Die Löschmaßnahmen auf dem Areal der Gesellschaft für Schwerionenforschung im Stadtteil Wixhausen dauerten bis in die frühen Morgenstunden an. Die Nachlösch- und Aufräumarbeiten werden sich über den Freitag (6.) erstrecken. Die Höhe des entstandenen Sachschadens lässt sich zur Stunde nicht schätzen. Zur Brandursache ermittelt die Polizei.
Am Donnerstag (5.) um ca. 6.30 Uhr wurde die Feuerwehr Darmstadt über die automatische Brandmeldeanlage und über Notruf 112 über einen Brand informiert. Beim Eintreffen der ersten Einsatzkräfte wurde ein Brand in einer Industriehalle festgestellt. Dort brannten industrieübliche Einrichtungen wie elektrische Anlagen, Büroarbeitsplätze und Werkstattausstattung. Trotz schnellen Eingreifens der ersten Kräfte konnte sich der Brand auf weite Teile der Industriehalle ausbreiten. Menschen wurden nicht verletzt.
Aufgrund des Großbrandes entstand eine weithin sichtbare Rauchwolke. Aus Sicherheitsgründen wurden die betroffenen Bürgerinnen und Bürger über Warnapps angehalten, den Bereich zu meiden. Die Aufforderung, Türen und Fenster geschlossen zu halten, wurde inzwischen aufgehoben.

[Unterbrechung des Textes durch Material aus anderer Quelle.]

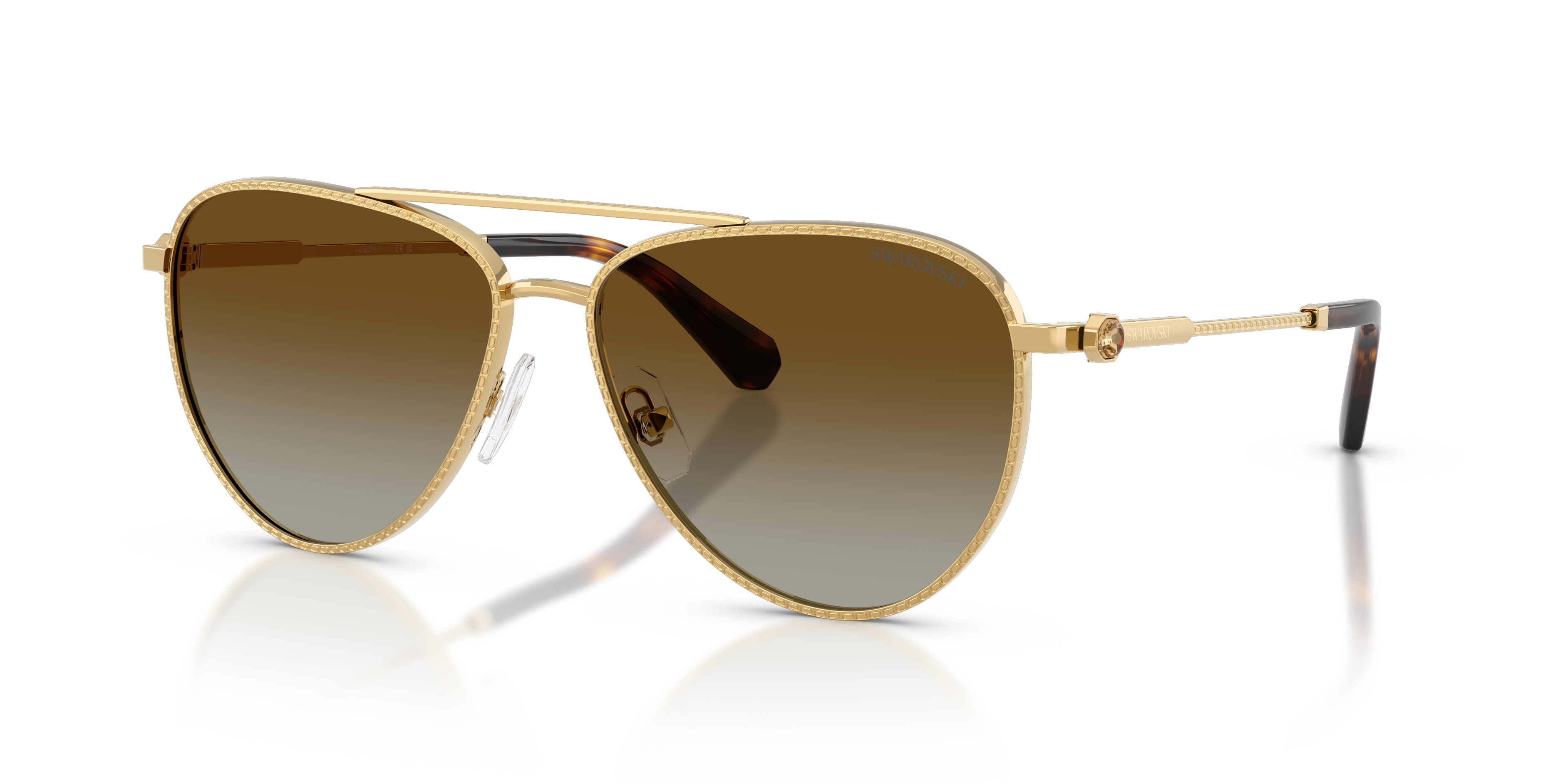 Swarovski SK7031 XL (59 - 14) with Brown lenses and Gold frame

Die Feuerwehr richtete eine Messzentrale ein und führte Messungen an der Brandstelle und im Stadtgebiet durch. Es konnten während der gesamten Einsatzdauer keine Gefahrstoffe nachgewiesen werden. Für die Bevölkerung bestand keine Gefahr.

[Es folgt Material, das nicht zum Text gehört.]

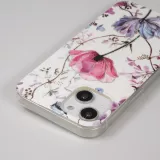 iPhone 15 Case Hülle - Silikon Gel blütende Rose - Weiss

Neben der gesamten Feuerwehr Darmstadt bestehend aus Freiwilliger Feuerwehr und Berufsfeuerwehr waren aufgrund der komplexen Brandbekämpfungsmaßnahmen auch zahlreiche Kräfte aus der Umgebung im Einsatz (Werkfeuerwehr Merck, Werkfeuerwehr Fraport, Werkfeuerwehr InfraServ Wiesbaden, Berufsfeuerwehr Ludwigshafen, Feuerwehr Offenbach, Feuerwehr Hanau, Feuerwehren aus den Landkreisen Darmstadt-Dieburg, Groß-Gerau und Offenbach, Brandschutzaufsichtsdienst Regierungspräsidium Darmstadt, Brandschutzaufsichtsdienst Innenministerium, Deutsches Rotes Kreuz, Landespolizei mit Polizeihubschrauber, Technisches Hilfswerk, Kanalfachunternehmen mit Saugfahrzeugen zum Abtransport von Löschwasser, Kranfachunternehmen mit Spezialkran als Arbeitskorb zur Durchführung von Löscharbeiten von oben).
Im Verlauf des Einsatzes verschafften sich Oberbürgermeister Hanno Benz, Feuerwehr- und Ordnungsdezernent Paul Georg Wandrey, Hessens Wissenschaftsminister Timon Gremmels, der hessische Innenminister Roman Poseck und Regierungspräsident Jan Hilligardt einen Eindruck von der Situation vor Ort und dankten den beteiligten Einsatzkräften.